Climate warming is expected to positively alter upward and poleward treelines which are controlled by low temperature and a short growing season. Despite the importance of treelines as a bioassay of climate change, a global field assessment and posterior forecasting of tree growth at annual scales is lacking. Using annually resolved tree-ring data located across Eurasia and the Americas, we quantified and modeled the relationship between temperature and radial growth at treeline during the 20th century. We then tested whether this temperature–growth association will remain stable during the 21st century using a forward model under two climate scenarios (RCP 4.5 and 8.5). During the 20th century, growth enhancements were common in most sites, and temperature and growth showed positive trends. Interestingly, the relationship between temperature and growth trends was contingent on tree age suggesting biogeographic patterns in treeline growth are contingent on local factors besides climate warming. Simulations forecast temperature–growth decoupling during the 21st century.

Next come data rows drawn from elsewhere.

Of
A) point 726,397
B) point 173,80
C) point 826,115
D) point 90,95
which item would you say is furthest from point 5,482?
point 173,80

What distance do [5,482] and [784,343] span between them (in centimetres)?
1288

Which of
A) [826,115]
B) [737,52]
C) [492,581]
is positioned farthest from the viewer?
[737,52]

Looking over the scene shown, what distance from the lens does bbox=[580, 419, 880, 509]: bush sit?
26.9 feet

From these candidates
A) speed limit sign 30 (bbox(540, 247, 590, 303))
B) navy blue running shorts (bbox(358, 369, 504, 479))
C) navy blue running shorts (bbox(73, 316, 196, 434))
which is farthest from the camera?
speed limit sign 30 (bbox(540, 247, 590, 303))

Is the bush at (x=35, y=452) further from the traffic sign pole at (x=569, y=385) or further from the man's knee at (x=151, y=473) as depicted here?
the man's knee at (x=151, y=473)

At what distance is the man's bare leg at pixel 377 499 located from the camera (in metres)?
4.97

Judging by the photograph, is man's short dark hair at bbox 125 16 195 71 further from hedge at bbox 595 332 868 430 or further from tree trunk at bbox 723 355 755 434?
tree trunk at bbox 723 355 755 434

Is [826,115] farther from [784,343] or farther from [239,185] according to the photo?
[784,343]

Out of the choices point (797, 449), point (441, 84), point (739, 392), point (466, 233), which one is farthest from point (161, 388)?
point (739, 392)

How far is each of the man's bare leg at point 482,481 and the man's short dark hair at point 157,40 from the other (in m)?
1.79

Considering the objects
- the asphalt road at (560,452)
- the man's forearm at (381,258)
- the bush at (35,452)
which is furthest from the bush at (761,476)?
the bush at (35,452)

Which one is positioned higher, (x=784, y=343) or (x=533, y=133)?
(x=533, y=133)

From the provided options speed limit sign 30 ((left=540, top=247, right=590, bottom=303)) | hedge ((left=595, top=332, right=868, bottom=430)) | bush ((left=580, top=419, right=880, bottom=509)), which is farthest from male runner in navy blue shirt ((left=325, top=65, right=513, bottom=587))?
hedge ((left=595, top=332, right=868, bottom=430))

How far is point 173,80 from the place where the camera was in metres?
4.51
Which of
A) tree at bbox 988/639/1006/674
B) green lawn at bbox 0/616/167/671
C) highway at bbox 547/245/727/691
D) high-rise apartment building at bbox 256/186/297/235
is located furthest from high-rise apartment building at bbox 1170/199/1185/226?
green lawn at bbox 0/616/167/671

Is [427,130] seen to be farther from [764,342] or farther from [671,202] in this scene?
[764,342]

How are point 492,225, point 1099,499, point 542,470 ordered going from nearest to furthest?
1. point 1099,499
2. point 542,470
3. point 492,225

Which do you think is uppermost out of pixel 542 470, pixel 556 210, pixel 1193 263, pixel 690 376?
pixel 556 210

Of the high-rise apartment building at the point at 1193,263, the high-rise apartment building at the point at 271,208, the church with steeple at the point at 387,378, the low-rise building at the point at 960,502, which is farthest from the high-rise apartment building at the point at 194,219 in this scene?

The growing season at treeline is projected to lengthen and growth rates would increase and become less dependent on temperature rise. These forecasts illustrate how growth may decouple from climate warming in cold regions and near the margins of tree existence. Such projected temperature–growth decoupling could impact ecosystem processes in mountain and polar biomes, with feedbacks on climate warming.

Plain Language Summary

(Objective) Do a large scale data and simulation analysis of how climate warming will affect tree growth at treelines around the world. (What did researchers do) Using tree-ring data from trees in Eurasia and the Americas, we looked at tree-climate relationships during the 20th century. We then tested whether this temperature-growth association will remain stable during 21st-century using a process-based model under two climate scenarios (RCP 4.5 and 8.5). (Key Findings) During the 20th century, temperature and growth were related to each other. However, simulations of the future showed that these become less related to one another, likely because moisture becomes limiting. This means that forecasts of tree growth in cold regions and near the margins of tree existence will be incorrect if they think temperature stays the driver of growth. This will have impacts on other ecosystem processes, with feedbacks on climate warming. (Scientific Impact) Many efforts are made in CFS and around the world to forecast tree growth under climate change. This study shows that it is likely inappropriate to assume that the current temperature driver of growth in the far Northern and high Mountain regions will show inappropriately good growth.